Awards and highlights
- All-Southern (1902);

= Albert Lyman Cox =

American politician

Albert Lyman Cox (December 1, 1883 - April 15, 1965) was an American attorney, state legislator, state judge, and U.S. Army major general.

==Early life==
Albert Lyman Cox was born on December 1, 1883, in Raleigh, North Carolina. His father was Confederate general, judge, and U.S. congressman William Ruffin Cox, son of state senator Thomas Cox of Washington County and grandson of English-born Thomas Cox, a seafaring man, and of Margaret Cheshire Cox of Edenton.
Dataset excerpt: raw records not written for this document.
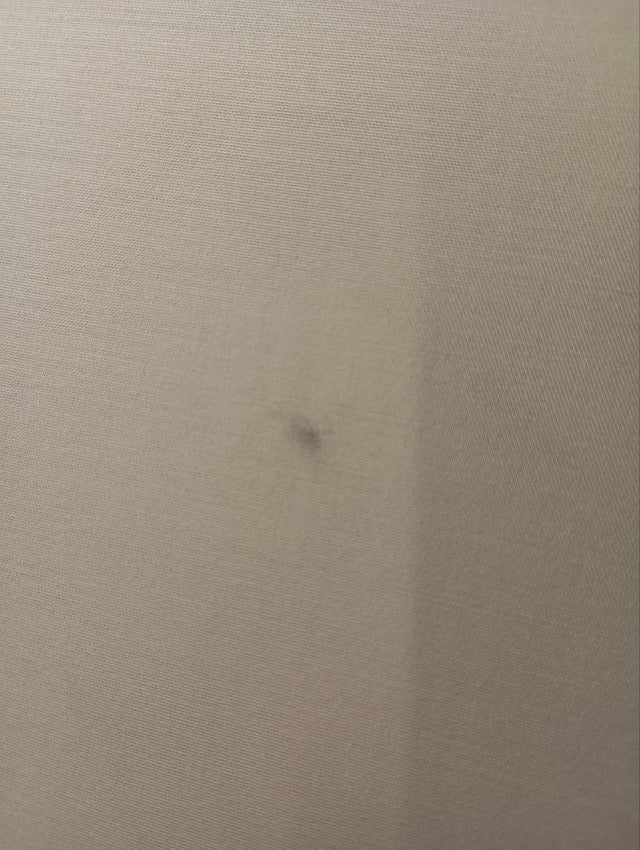 TB-1751d – image 4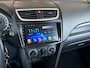 Suzuki Swift 1.2 Bandit EASSS Android Carplay, Airco, Cruise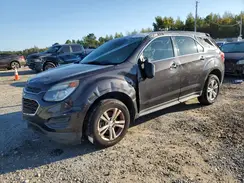 2GNALBEK7G6265105 2016 CHEVROLET EQUINOX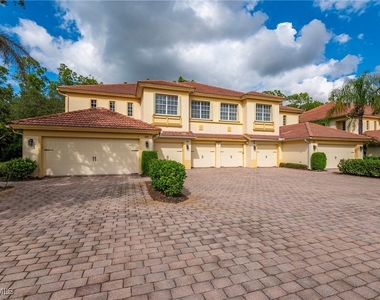 26407 Lucky Stone Road - Photo Thumbnail 20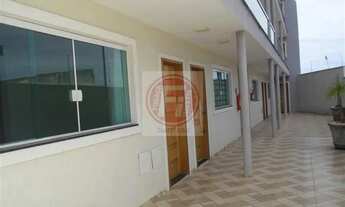 Imagem 6: Apartamento - Vila Guilhermina - Próximo ao Metrô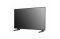 LG 55UH5J-H – LG Digital Signage 55" จอแสดงผลดิจิทัลไซเนจ ขนาด 55 นิ้ว ความละเอียด 4K UHD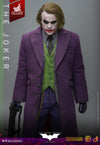 The Joker (Artisan Edition) (Collector Edition) (Dx33Ae)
His mother Fannie Augusta Lyman Cox was the daughter of Right Reverend Theodore Benedict Lyman, Episcopal Bishop of North Carolina from 1881 to 1893. He attended Horner Military Academy and the University of North Carolina.

==College athletics==
Cox was an All-Southern college football end for the North Carolina Tar Heels of the University of North Carolina. He was also a member of the baseball and track teams. At UNC, he was a member of Sigma Alpha Epsilon. He earned a law degree at Harvard University.

==First World War==
He was the first commander of the 113th Field Artillery Regiment during the First World War.

==Political career==
In 1909, Cox served in the North Carolina House of Representatives and was a Democrat. In 1916, Cox was appointed North Carolina state superior judge.

== Later life ==
Cox moved to Washington in 1932, and became the director of the Potomac Electric Power Company. He became the commanding general of the District of Columbia National Guard after May 17, 1938, until his retirement on November 6, 1949.

==Personal==
In November 1909, Cox married Miss Arabel Parker Nash of Tarboro.